In Knotts' hands, Fife was a fully realized stooge, a hick-town Don Quixote who imagined himself braver, more sophisticated and more competent than he actually was. His utter lack of self-control led him into desperate jams that usually culminated with Fife at the end of his rope, bug-eyed and panting with anxiety. Sheriff Taylor allowed his deputy to carry just one bullet, which he was obliged to keep separate from his service revolver due to past trigger mishaps.
Asked how he developed his most famous character, Knotts replied in a 2000 interview: "Mainly, I thought of Barney as a kid. You can always look into the faces of kids and see what they're thinking, if they're happy or sad. That's what I tried to do with Barney. It's very identifiable."
Jesse Donald Knotts was born in Morgantown, W.Va., on July 21, 1924, the youngest of four brothers. His family life was troubled; Knotts' father twice threatened his mother with a knife and later spent time in mental hospitals, while older brother Earl — nicknamed "Shadow" because of his thinness -- died of asthma when Knotts was still a teenager.
Years later, the actor did not recall his childhood fondly.

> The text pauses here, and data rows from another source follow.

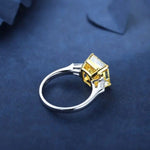 Lade Bild in die Galerieansicht, 5 Ct Fancy Vivid Yellow Radiant Lab Diamond Three-Stone Engagement Ring (Setting Price Only) - LGG Jewelry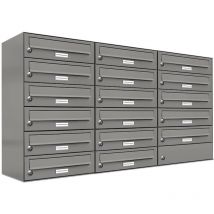 Al Briefkastensysteme - 17er Premium Briefkasten Aluminiumgrau ral Farbe 9007 für Außen Wand Postkasten 3x6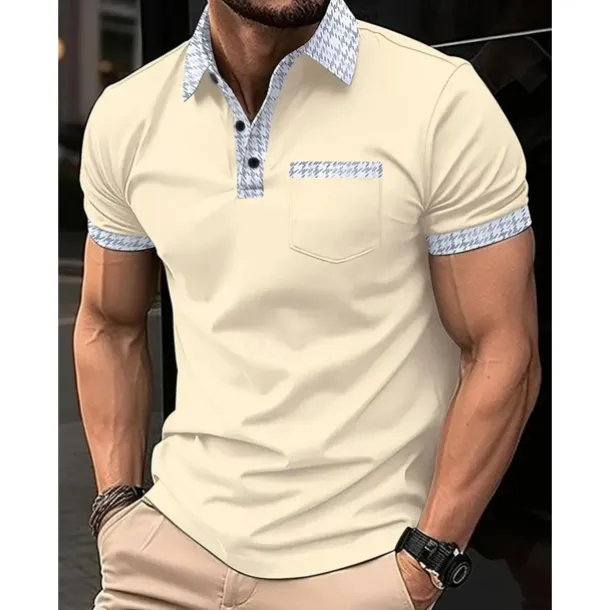 Men's Polo Shirt Button Up Polos Casual Sports Lapel Short Sleeve Fashion Basic Color Block Houndstooth Patchwork Pocket Summer Regular Fit Black White Navy Blue Blue Khaki Polo Shirt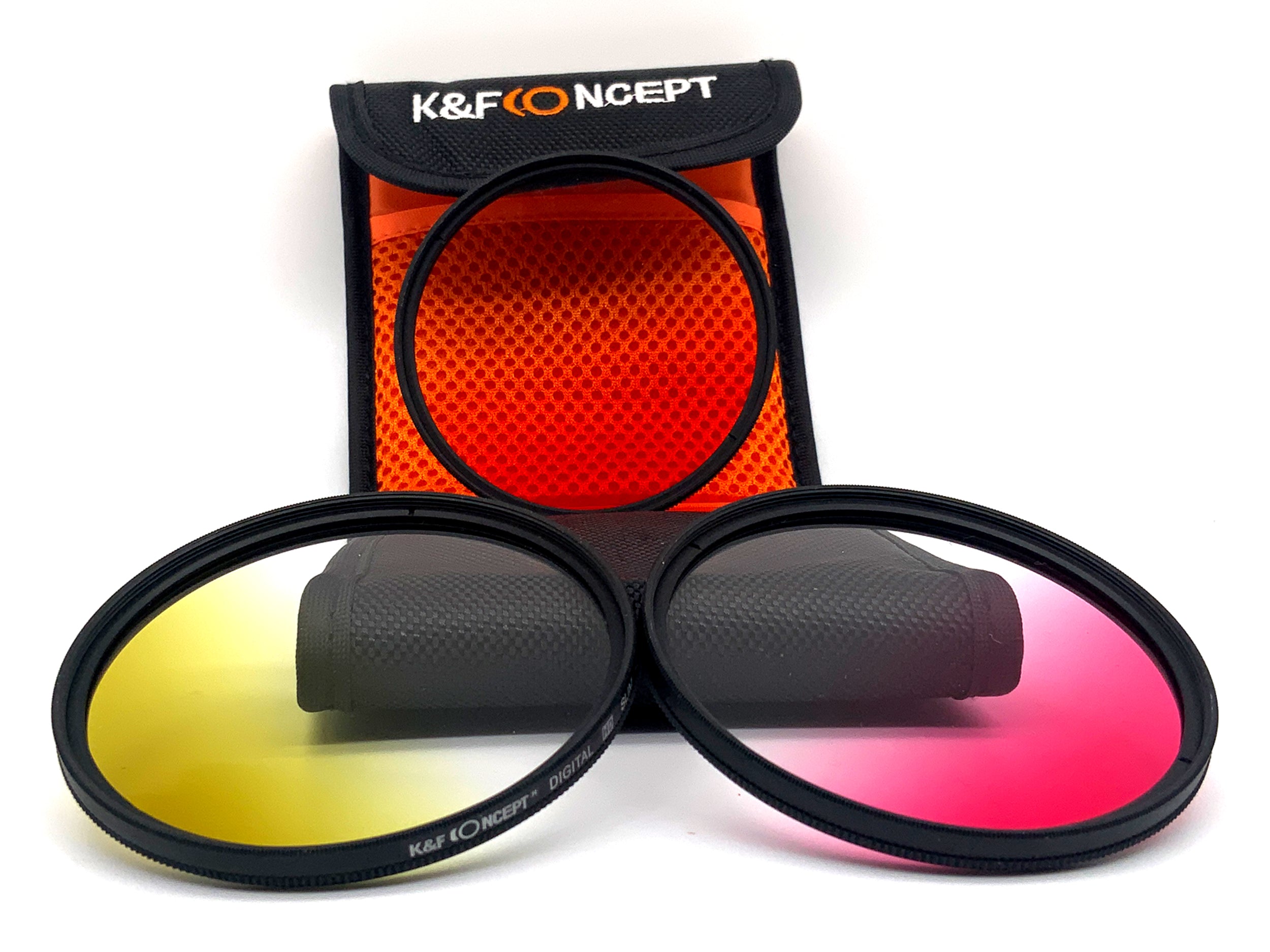 K&F Concept Verlaufsfilter 3er Set Digital HD Slim G-Pink/Red/Yellow + Case 77mm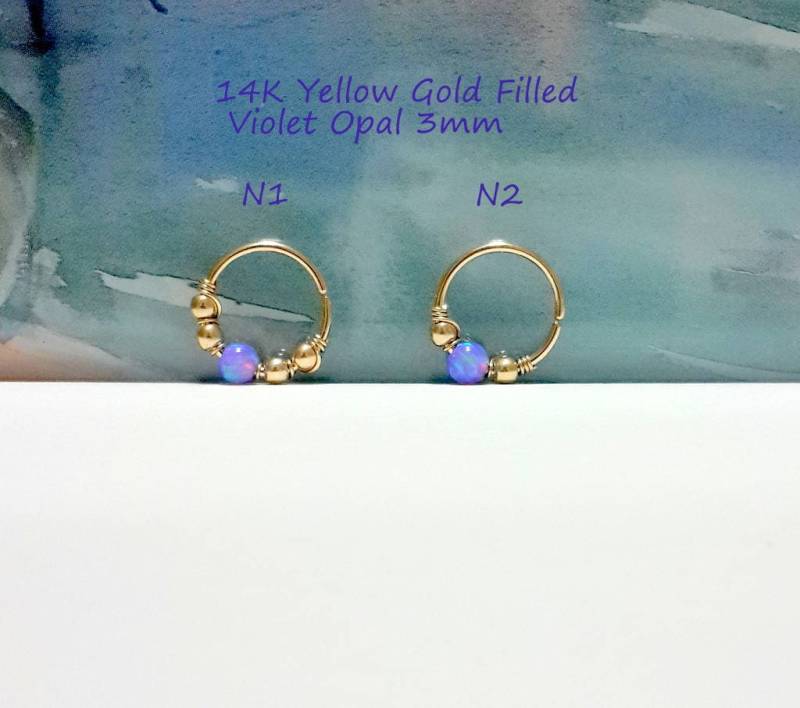 14K Gold Gefüllter Violet Opal Conch Ring - Oktober Geburtsstein, 22G-16G, Handgefertigt von HelenJewelryK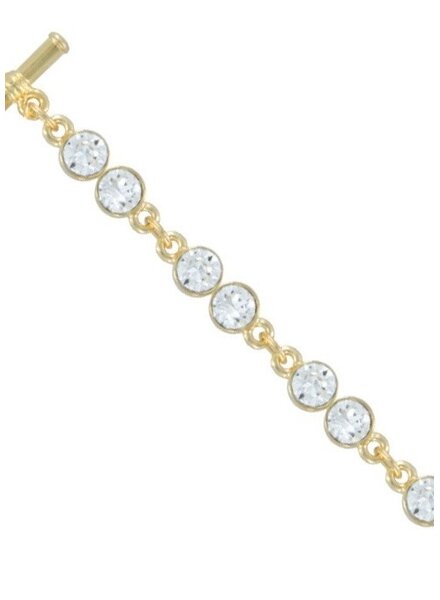MYKA DESIGNS MIA Small Double Round Crystal/Gold Bracelet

"I felt like a loser," he recalled in a 1976 interview with the Los Angeles Times. "I was unhappy, I think, most of the time. We were terribly poor and I hated my size."
Knotts turned to performing in his early teens, doing an Edgar Bergen-inspired ventriloquism act with a dummy he named Danny.
He enlisted in the Army in 1943 and served in the Pacific, receiving the World War II Victory Medal among other decorations. After the war, in 1948, he graduated from West Virginia University with an education degree.
He soon borrowed $100 and moved to New York to pursue an acting career. He auditioned for several radio gigs but was turned down. One of his earliest TV roles was on the CBS soap opera "Search for Tomorrow," where he played Wilbur Peterson — a neurotic young man so troubled he communicated only with his sister -- from 1953-55. It was the only non-comedic role he ever played.
But Knotts did not receive widespread attention until he appeared on Broadway in Ira Levin's 1955 comedy "No Time for Sergeants." Based on Mac Hyman's novel, the play concerned a hillbilly — played by a then-unknown Andy Griffith -- who was drafted into the Air Force. Knotts won plaudits as an overly tense military evaluator.